In 1867, Mark Twain arrived in New York to set out on a voyage to the Levant, the Holy Land being a major highlight of the journey. He would be the correspondent for three newspapers back in the States, writing of his travels. He approached his material and column the same way he always wrote – realistically, from a modern vantage point, without preconceived, biased notions – and with some biting humor. He was honest and told people what he really saw. And that changed his life.

Mark Twain’s Background

Transcript

When Mark Twain arrived in New York, he was 32 years old. He had a little bit of a reputation as a Western humorist, but that wasn’t a very big thing. He really didn’t know where his next job was coming from. He was not a success. He was just some guy who was trying to make a living, and he’s tried to make a living in the only way he knows how, which is yeah, he can write for the newspapers and he can be funny. Around 1867, Twain gets on the ship as a correspondent for three newspapers, one in California, two in New York, and that’s going to pay for his adventure. The name of the ship is called the Quaker City, and the ultimate point of the trip was to go to the Holy Land and to go basically as a Pilgrim to visit all the Christian shrines. And the first letter that we have is written the night before he boards. It’s written at 2:00 AM in the morning on June 8th from New York.

And he says, “Dear John, Dammit! I have intended all along to write you the night before sailing, but here it is within 12 hours of leaving and I have not yet been to bed or packed my trunk yet.” He’s explaining that starting at three o’clock in the afternoon, he went off with some newspaper friends and as he put it, he drank wine. And then he went somewhere else and he gives the time, now it’s six to nine o’clock and he drank several breeds of wine. And then he’s out again between nine and 12 and he’s drinking and he’s smoking some more. He said he drank much wine. And by the time he’s through, he’s drunk as a skunk, he hasn’t done anything to get ready for his trip and yet he marches up the gangplank and he’s on his way to the adventure of his life. The Holy Land had been for centuries portrayed in a way that it embodied what it indicated, meaning it was exalted, it was pastoral, it was full of meaning, it was beautiful.

Twain looked at the Holy Land the same way he looked at everything, realistically, from a modern vantage point without preconceived notions. And instead of seeing beautiful sites, he saw rocks and desolation, and he wasn’t afraid to say that. He wasn’t afraid to say this lake doesn’t compare to Lake Tahoe. He had no use for what he called imaginary holy places. Here is what he wrote. “The grave of Adam, how touching it was here in the land of strangers, far away from home and friends and all who cared for me, thus to discover the grave of a blood relation. True, a distant one, but still a relation. The unerring instinct of nature thrilled in recognition. The fountain of my filial affection was stirred to its profoundest depth and I gave way to tumultuous emotion.”

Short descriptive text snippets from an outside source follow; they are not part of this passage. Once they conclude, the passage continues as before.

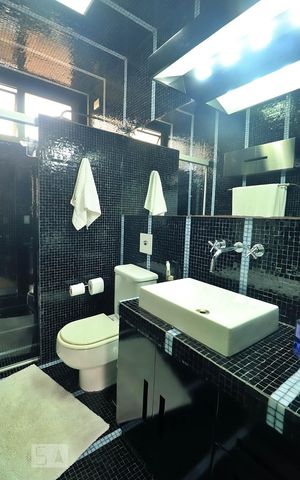 Apartamento à venda com 244m², 3 quartos e 3 vagasBanheiro Social 2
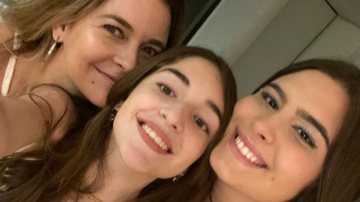 Cláudia Abreu ao lado das filhas mais velhas, Felipa e Maria - Instagram/@mariamaudd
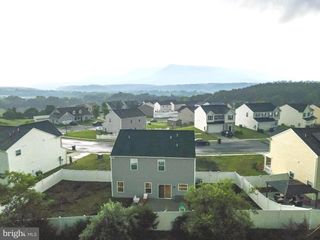 22 SIGNAL KNOB COTTAGE DR, Strasburg, VA 22657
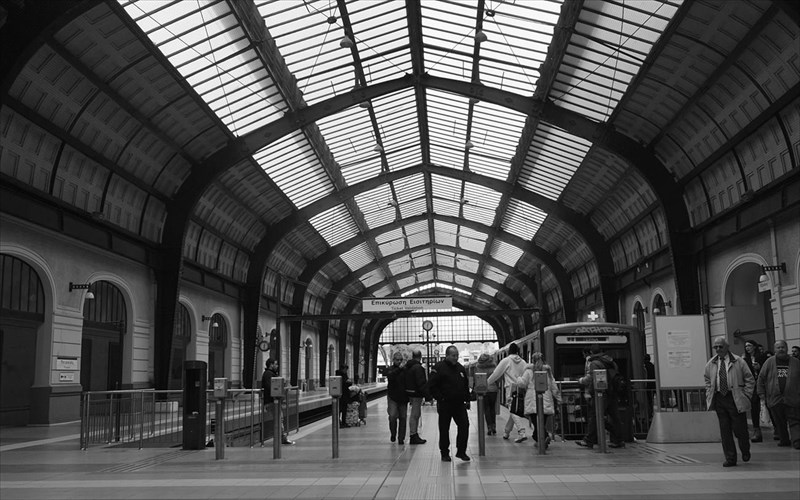 olga-georgiadou-me-tin-apotuposi-tis-pragmatikotitas-oi-ideolipsies-feugoun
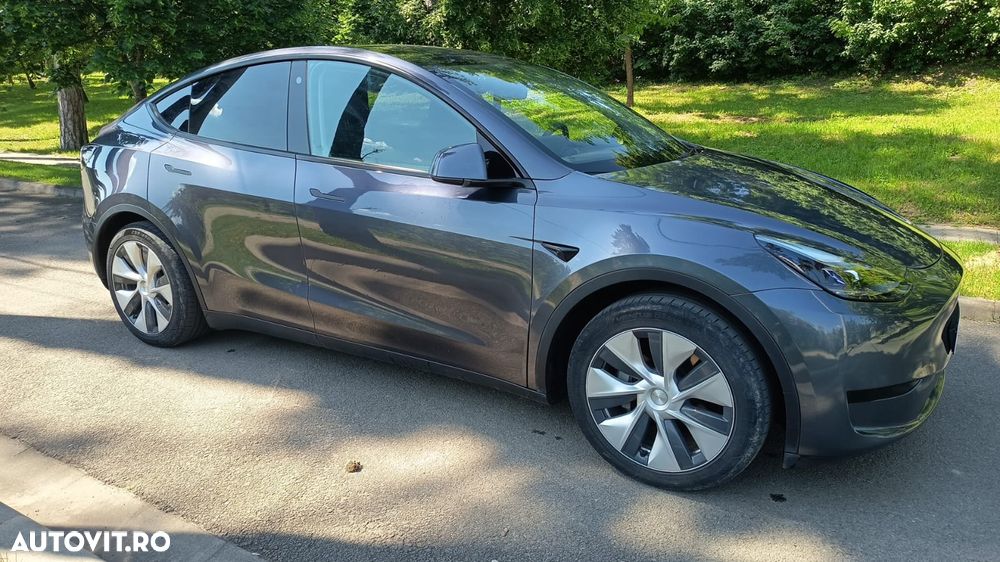 Tesla Model Y Standard - 2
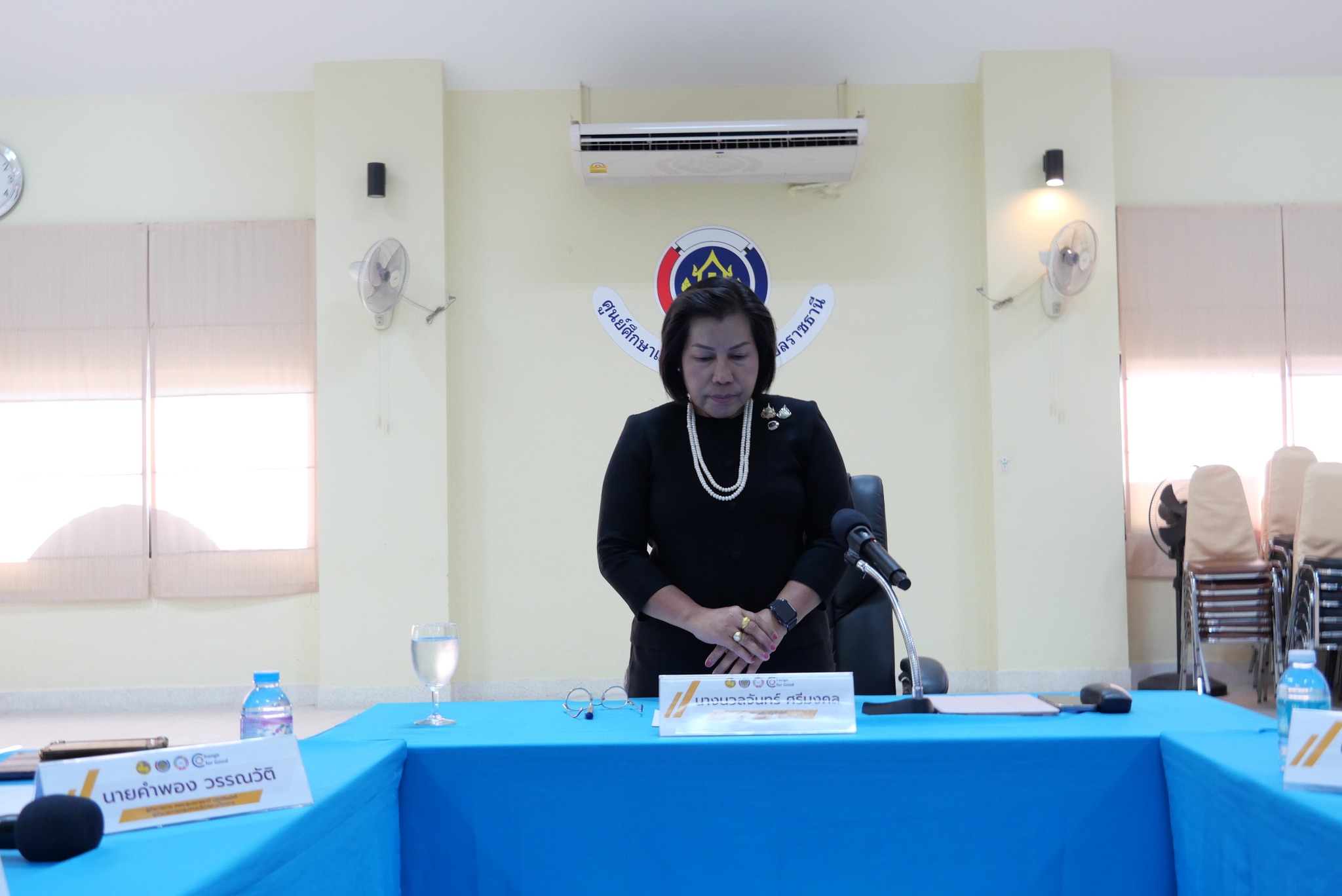 นางนวลจันทร์ ศรีมงคล ผู้ตรวจราชการกรม กรมการพัฒนาชุมชน ปฏิบัติหน้าที่ผู้อำนวยการศูนย์ศึกษาและพัฒนาชุมชนอุบลราชธานี ประธานประชุมข้าราชการ เจ้าหน้าที่ศูนย์ศึกษาและพัฒนาชุมชนอุบลราชธานี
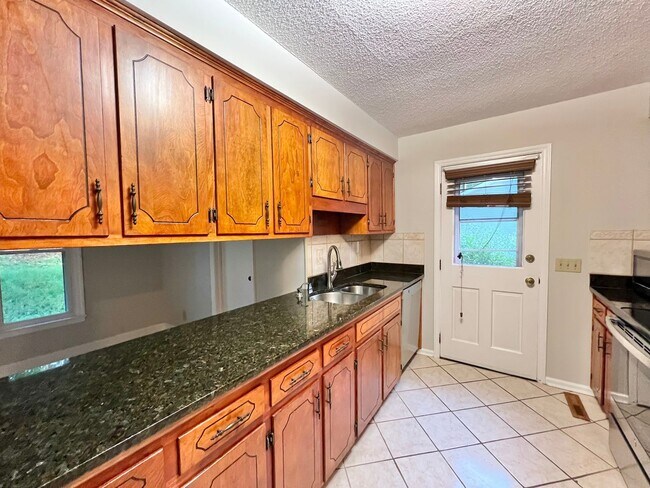 Building Photo - Newly Renovated 3BD, 2.5BA North Raleigh Home on a Private Lot in a Prime Location Near Shopping,...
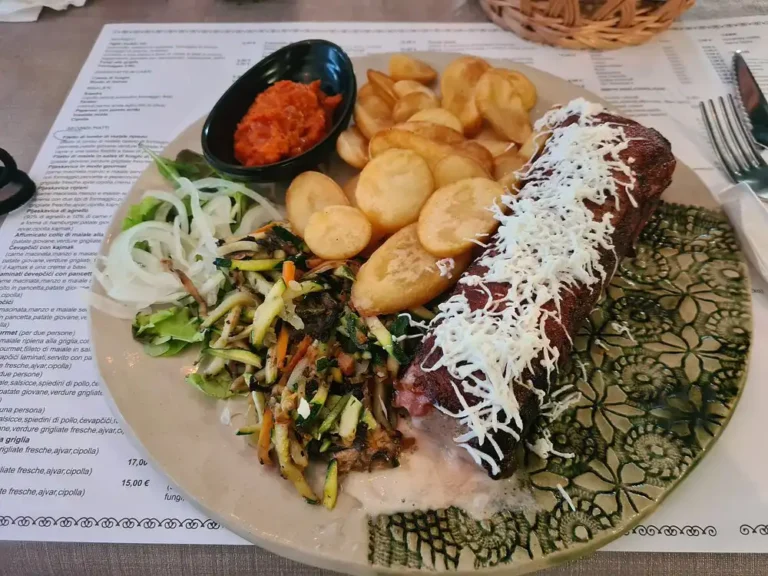 Bistro Vila Velebita - Glavno jelo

What happens as a result, the way in which he wrote, the way in which he looked at Europe, the way specifically he looked at the Holy Land and called it out for what it was, that won him the world. It changed his life. He wrote a book called Innocence Abroad. It was based on all of the newspaper letters that he had written and it turned out to be a planetary bestseller. He was suddenly famous. For the first time in his life he had money. He fell in love and was able to marry. He was suddenly what he wanted to be. He was rich and he was famous and he was happy. The way he got famous was not the way he expected. The way he got rich was not the way he expected, but he found his gift in himself. As Dolly Parton said, “Find out who you are and then do it on purpose.” That’s what happened to him.